::: Dataset :::
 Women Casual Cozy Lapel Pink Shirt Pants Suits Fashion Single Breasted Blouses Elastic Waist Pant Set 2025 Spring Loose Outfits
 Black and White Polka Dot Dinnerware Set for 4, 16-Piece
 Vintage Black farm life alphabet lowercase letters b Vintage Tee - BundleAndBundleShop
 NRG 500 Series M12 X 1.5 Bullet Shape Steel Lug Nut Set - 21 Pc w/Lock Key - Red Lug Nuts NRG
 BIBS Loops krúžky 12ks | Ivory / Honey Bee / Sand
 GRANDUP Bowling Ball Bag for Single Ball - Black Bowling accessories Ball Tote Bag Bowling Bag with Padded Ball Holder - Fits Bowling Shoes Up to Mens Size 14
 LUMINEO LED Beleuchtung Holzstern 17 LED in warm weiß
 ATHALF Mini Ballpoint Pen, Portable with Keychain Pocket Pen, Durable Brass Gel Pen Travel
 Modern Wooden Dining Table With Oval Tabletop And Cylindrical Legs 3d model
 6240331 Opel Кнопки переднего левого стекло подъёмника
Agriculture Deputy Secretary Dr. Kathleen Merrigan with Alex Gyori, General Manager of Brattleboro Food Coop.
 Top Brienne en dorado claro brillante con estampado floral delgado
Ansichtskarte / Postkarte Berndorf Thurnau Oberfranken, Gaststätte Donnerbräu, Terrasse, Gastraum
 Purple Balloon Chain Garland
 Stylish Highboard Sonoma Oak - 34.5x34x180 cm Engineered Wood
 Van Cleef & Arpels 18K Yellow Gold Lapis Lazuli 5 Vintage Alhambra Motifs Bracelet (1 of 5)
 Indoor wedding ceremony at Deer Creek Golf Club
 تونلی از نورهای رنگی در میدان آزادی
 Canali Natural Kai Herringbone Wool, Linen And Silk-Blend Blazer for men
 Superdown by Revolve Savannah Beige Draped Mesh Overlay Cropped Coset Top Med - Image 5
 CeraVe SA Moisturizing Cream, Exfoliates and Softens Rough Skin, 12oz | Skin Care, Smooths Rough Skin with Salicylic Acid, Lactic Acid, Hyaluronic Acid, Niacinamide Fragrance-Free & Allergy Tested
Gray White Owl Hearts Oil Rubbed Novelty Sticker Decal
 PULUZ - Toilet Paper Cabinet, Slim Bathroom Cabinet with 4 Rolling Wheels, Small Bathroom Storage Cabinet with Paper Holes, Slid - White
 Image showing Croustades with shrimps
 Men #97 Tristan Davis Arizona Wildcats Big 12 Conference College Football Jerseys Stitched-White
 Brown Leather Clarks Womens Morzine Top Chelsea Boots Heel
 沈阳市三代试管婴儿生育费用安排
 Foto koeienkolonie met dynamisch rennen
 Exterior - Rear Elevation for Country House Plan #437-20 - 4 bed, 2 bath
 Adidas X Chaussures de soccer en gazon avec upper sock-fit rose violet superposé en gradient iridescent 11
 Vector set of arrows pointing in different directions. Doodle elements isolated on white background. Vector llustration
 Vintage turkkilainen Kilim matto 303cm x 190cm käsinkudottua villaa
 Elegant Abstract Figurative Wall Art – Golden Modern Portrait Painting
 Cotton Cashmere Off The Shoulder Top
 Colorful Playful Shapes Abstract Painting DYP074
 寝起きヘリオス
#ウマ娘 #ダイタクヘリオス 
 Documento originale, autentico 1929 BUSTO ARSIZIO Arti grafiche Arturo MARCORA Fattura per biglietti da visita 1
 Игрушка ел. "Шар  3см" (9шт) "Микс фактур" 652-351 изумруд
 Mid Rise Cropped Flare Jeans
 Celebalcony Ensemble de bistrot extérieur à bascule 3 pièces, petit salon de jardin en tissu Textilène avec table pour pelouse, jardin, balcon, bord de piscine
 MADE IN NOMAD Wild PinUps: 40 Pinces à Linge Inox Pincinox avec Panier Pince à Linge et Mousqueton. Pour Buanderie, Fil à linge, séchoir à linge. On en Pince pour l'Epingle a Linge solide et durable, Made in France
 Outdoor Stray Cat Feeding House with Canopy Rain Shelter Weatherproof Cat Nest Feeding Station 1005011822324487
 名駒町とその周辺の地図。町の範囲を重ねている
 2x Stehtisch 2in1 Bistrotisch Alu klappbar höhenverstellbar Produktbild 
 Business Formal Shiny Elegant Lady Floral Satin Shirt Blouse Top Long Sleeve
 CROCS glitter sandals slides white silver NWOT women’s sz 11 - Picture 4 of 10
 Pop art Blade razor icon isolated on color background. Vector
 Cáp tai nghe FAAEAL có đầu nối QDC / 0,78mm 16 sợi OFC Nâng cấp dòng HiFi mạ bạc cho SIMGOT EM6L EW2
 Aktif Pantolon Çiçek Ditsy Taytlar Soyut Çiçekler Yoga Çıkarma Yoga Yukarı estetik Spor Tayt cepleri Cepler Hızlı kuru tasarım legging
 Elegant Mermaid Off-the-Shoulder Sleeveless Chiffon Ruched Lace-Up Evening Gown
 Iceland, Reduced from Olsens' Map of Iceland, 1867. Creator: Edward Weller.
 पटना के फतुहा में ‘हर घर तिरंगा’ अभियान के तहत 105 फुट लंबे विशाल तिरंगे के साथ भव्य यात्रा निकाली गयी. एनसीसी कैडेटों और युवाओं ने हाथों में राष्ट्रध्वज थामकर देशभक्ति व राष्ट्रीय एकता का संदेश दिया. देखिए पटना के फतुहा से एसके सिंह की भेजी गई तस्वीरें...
:::
Your task: Look through the material above for the string "Vintage" and copy each line that has it.

Exercise result:
 Vintage Black farm life alphabet lowercase letters b Vintage Tee - BundleAndBundleShop
 Van Cleef & Arpels 18K Yellow Gold Lapis Lazuli 5 Vintage Alhambra Motifs Bracelet (1 of 5)
 Vintage turkkilainen Kilim matto 303cm x 190cm käsinkudottua villaa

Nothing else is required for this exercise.